1.准备Hbase数据
在hbase中创建表
create 'mingxing',{NAME => 'base_info',VERSIONS => 1},{NAME => 'extra_info',VERSIONS => 1}
2.插入数据
put 'mingxing','rk001','base_info:name','huangbo'
put 'mingxing','rk001','base_info:age','33'
put 'mingxing','rk001','extra_info:math','44'
put 'mingxing','rk001','extra_info:province','beijing'
put 'mingxing','rk002','base_info:name','xuzheng'
put 'mingxing','rk002','base_info:age','44'
put 'mingxing','rk003','base_info:name','wangbaoqiang'
put 'mingxing','rk003','base_info:age','55'
put 'mingxing','rk003','base_info:gender','male'
put 'mingxing','rk004','extra_info:math','33'
put 'mingxing','rk004','extra_info:province','tianjin'
put 'mingxing','rk004','extra_info:children','3'
put 'mingxing','rk005','base_info:name','liutao'
put 'mingxing','rk006','extra_info:name','liujialing'
3.添加zk的访问路径
在hive中修改
set hbase.zookeeper.quorum=hadoop01:2181,hadoop02:2181,hadoop03:2181;
4.设置hbase在zk中的根目录
set zookeeper.znode.parent=/hbase;
5.添加jar包
将jar包添加到hive的classpath下
add jar /home/hadoop/apps/apache-hive-2.3.2-bin/lib/hive-hbase-handler-2.3.2.jar;
list jar|jars;
6.建表
-
serdeproperties:指定解析的属性
-
hbase.columns.mapping:指定对应关系
- base_info:解析hbase的整个base_info的列族
- :key:获取行健的值
-
tblproperties:指定表的属性
- hbase.table.name:指定需要解析的hbase的表名
6.1整个表的解析
create external table mingxing(rowkey string, base_info map<string, string>, extra_info
map<string, string>)
row format delimited fields terminated by '\t'
stored by 'org.apache.hadoop.hive.hbase.HBaseStorageHandler'
with serdeproperties ("hbase.columns.mapping" = ":key,base_info:,extra_info:")
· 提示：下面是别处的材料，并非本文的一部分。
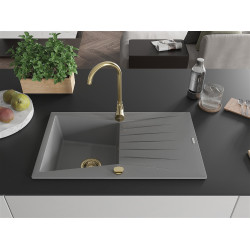 Mexen Cesar  konyhai mosogató gránit 1 medence+csepegtetö+ pop up szifon  775 x 470 mm, szürke , szifon  arany  - 6514771010-71-G 1 medencés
tblproperties ("hbase.table.name" = "mingxing");
检查数据
select * from mingxing;
结果如下
mingxing.rowkey mingxing.base_info mingxing.extra_info
rk001 {"age":"33","name":"huangbo"} {"math":"44","province":"beijing"}
rk002 {"age":"44","name":"xuzheng"} {}
rk003 {"age":"55","gender":"male","name":"wangbaoqiang"} {}
rk004 {} {"children":"3","math":"33","province":"tianjin"}
rk005 {"name":"liutao"} {}
rk006 {} {"name":"liujialing"}
6.2解析部分字段
create external table mingxing01(rowkey string,name string,age string,province string)
row format delimited fields terminated by '\t'
stored by 'org.apache.hadoop.hive.hbase.HBaseStorageHandler'
with serdeproperties ("hbase.columns.mapping" = ":key,base_info:name,base_info:age,extra_info:province")
tblproperties ("hbase.table.name" = "mingxing");
检查数据
select * from mingxing01;
结果如下
mingxing01.rowkey mingxing01.name mingxing01.age mingxing01.province
rk001 huangbo 33 beijing
rk002 xuzheng 44 NULL
rk003 wangbaoqiang 55 NULL
rk004 NULL NULL tianjin
rk005 liutao NULL NULL